> **Task item**: Check every line of the data below for the string "online", and copy the ones that hold it.

(Stored entries)
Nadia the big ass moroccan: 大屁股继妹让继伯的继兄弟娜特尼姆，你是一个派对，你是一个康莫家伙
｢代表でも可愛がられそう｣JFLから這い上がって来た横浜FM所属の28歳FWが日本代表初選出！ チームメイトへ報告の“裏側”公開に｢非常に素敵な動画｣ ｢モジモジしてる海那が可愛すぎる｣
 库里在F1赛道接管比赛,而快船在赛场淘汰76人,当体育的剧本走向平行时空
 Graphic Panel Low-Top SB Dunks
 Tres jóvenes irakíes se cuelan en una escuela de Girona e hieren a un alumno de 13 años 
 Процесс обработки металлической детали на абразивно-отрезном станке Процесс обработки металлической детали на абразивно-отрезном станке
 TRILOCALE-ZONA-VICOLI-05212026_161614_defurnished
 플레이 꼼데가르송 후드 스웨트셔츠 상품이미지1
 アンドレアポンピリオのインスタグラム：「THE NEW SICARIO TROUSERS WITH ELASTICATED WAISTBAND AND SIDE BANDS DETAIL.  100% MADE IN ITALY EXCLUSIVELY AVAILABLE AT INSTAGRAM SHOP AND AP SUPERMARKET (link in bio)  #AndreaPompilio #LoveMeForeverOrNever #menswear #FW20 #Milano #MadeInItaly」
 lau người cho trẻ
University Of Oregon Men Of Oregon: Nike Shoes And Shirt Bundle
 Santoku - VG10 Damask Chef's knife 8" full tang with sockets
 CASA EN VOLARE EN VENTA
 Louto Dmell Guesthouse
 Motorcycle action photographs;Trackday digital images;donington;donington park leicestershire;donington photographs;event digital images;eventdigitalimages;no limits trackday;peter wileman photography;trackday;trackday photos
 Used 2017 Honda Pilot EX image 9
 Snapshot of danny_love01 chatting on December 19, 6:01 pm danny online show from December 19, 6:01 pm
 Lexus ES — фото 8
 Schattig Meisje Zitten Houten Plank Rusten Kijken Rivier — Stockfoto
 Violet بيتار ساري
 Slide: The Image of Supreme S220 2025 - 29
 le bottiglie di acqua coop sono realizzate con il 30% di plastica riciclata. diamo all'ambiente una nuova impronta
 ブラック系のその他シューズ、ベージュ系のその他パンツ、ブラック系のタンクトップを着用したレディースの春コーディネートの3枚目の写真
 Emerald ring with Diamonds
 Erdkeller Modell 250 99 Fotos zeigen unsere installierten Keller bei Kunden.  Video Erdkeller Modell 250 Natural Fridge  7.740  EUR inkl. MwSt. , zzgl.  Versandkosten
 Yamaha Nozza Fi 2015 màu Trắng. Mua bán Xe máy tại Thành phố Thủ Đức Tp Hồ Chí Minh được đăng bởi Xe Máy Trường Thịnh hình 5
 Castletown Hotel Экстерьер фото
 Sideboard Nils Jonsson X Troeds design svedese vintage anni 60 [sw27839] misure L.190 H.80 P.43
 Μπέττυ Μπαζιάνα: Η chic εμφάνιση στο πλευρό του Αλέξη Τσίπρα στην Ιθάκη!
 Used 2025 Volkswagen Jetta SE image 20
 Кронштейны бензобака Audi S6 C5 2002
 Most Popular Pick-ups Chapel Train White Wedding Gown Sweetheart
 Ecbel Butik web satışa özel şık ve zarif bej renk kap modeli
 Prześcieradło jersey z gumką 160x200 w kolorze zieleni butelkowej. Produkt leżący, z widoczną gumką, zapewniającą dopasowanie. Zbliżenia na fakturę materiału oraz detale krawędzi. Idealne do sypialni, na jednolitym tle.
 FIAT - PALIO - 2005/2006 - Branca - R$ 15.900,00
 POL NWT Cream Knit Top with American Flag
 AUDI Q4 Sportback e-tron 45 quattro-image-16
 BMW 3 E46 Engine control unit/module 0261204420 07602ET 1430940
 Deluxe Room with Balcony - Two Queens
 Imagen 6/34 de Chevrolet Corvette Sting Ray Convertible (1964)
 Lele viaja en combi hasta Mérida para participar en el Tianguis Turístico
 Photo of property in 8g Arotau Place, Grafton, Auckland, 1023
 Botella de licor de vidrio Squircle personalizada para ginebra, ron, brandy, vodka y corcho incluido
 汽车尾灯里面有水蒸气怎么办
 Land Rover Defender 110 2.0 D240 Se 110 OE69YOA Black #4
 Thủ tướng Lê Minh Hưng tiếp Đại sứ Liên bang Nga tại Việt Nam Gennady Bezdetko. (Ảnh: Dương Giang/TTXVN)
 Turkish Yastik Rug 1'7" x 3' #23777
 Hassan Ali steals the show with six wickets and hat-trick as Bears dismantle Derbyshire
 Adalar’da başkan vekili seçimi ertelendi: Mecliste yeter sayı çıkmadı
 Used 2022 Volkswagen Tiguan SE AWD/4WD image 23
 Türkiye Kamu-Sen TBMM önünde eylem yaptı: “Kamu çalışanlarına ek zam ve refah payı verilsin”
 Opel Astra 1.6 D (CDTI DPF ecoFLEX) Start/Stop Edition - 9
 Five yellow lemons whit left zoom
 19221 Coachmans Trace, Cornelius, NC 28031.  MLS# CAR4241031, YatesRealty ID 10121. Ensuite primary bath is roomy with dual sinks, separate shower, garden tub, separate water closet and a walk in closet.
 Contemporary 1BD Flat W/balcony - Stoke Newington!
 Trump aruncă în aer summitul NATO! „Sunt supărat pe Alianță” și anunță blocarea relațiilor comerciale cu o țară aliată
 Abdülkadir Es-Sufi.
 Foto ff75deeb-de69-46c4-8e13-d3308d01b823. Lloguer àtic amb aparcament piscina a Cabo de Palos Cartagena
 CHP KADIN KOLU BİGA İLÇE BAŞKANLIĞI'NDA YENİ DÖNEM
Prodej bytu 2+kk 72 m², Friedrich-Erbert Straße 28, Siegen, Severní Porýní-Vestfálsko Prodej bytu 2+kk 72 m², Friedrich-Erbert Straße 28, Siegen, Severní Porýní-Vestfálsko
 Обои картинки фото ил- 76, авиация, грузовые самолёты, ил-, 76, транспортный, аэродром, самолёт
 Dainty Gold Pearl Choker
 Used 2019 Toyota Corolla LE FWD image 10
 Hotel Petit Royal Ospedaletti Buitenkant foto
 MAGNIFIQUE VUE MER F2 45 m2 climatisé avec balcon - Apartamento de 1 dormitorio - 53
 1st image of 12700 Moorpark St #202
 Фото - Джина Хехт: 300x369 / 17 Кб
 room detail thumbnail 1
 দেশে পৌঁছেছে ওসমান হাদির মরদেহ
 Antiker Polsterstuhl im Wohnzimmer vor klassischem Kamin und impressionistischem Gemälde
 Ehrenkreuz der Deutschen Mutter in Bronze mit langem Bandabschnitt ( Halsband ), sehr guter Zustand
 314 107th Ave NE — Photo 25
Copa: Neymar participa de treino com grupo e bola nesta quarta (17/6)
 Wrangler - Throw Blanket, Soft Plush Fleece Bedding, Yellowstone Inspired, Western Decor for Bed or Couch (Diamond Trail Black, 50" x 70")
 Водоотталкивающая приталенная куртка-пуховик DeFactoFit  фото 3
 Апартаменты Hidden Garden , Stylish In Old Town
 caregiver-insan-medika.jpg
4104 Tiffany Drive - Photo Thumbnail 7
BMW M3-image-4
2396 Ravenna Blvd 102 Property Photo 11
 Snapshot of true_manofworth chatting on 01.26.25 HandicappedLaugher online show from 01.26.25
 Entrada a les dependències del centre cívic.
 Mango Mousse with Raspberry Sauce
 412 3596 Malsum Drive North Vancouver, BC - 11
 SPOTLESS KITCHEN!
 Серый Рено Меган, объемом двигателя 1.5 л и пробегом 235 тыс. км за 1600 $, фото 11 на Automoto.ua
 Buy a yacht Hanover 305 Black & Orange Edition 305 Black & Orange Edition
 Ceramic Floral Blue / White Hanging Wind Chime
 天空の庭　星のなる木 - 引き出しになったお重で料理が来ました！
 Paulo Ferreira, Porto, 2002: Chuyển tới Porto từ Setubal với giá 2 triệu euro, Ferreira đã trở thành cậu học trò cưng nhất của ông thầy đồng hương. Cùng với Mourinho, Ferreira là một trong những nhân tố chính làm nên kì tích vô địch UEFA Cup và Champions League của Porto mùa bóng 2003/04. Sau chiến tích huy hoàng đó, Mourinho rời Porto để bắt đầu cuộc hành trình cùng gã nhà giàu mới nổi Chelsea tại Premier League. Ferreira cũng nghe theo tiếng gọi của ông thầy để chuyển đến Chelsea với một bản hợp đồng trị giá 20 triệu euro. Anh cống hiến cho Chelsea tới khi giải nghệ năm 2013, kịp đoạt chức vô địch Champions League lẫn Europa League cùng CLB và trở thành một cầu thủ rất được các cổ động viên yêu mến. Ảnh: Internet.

> **Output of the task**:
 Snapshot of danny_love01 chatting on December 19, 6:01 pm danny online show from December 19, 6:01 pm
 Snapshot of true_manofworth chatting on 01.26.25 HandicappedLaugher online show from 01.26.25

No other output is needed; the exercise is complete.